*To do*
Set down, please, without alteration, the lines of the entries below from the first through the one containing "Build Water Theme".

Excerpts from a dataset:
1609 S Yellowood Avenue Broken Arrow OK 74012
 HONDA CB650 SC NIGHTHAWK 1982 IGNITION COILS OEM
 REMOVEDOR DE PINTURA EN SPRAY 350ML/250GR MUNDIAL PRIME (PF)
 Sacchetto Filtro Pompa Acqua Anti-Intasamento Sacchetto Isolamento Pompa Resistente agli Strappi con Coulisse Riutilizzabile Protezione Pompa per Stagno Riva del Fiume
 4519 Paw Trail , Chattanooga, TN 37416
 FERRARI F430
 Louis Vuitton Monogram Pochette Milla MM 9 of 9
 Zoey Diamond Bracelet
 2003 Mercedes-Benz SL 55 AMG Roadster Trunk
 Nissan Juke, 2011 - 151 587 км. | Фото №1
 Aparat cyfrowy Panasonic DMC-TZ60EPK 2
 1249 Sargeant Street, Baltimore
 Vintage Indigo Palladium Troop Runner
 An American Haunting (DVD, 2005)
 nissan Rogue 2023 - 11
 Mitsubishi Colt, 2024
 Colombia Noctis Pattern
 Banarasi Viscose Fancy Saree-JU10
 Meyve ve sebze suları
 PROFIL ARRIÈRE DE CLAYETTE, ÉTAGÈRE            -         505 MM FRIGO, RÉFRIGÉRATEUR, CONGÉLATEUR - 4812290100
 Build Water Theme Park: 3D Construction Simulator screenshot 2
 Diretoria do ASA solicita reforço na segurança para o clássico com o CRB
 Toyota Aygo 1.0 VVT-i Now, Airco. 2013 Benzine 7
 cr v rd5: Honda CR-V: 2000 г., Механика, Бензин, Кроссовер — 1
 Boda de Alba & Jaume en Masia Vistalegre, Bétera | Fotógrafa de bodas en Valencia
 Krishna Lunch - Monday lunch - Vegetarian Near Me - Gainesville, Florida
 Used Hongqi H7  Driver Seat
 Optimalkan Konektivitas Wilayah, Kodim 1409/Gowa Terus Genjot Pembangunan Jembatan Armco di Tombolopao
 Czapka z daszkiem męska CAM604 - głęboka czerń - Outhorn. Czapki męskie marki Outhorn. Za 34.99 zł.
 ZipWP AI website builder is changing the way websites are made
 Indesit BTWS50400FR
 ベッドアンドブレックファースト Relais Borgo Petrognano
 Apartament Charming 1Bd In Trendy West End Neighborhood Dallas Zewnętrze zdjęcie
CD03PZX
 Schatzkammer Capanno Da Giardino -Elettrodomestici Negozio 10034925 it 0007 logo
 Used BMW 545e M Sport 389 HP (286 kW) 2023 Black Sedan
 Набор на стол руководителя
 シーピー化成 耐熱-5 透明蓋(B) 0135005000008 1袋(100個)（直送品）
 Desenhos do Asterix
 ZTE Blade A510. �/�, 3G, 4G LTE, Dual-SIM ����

*Task result*
1609 S Yellowood Avenue Broken Arrow OK 74012
 HONDA CB650 SC NIGHTHAWK 1982 IGNITION COILS OEM
 REMOVEDOR DE PINTURA EN SPRAY 350ML/250GR MUNDIAL PRIME (PF)
 Sacchetto Filtro Pompa Acqua Anti-Intasamento Sacchetto Isolamento Pompa Resistente agli Strappi con Coulisse Riutilizzabile Protezione Pompa per Stagno Riva del Fiume
 4519 Paw Trail , Chattanooga, TN 37416
 FERRARI F430
 Louis Vuitton Monogram Pochette Milla MM 9 of 9
 Zoey Diamond Bracelet
 2003 Mercedes-Benz SL 55 AMG Roadster Trunk
 Nissan Juke, 2011 - 151 587 км. | Фото №1
 Aparat cyfrowy Panasonic DMC-TZ60EPK 2
 1249 Sargeant Street, Baltimore
 Vintage Indigo Palladium Troop Runner
 An American Haunting (DVD, 2005)
 nissan Rogue 2023 - 11
 Mitsubishi Colt, 2024
 Colombia Noctis Pattern
 Banarasi Viscose Fancy Saree-JU10
 Meyve ve sebze suları
 PROFIL ARRIÈRE DE CLAYETTE, ÉTAGÈRE            -         505 MM FRIGO, RÉFRIGÉRATEUR, CONGÉLATEUR - 4812290100
 Build Water Theme Park: 3D Construction Simulator screenshot 2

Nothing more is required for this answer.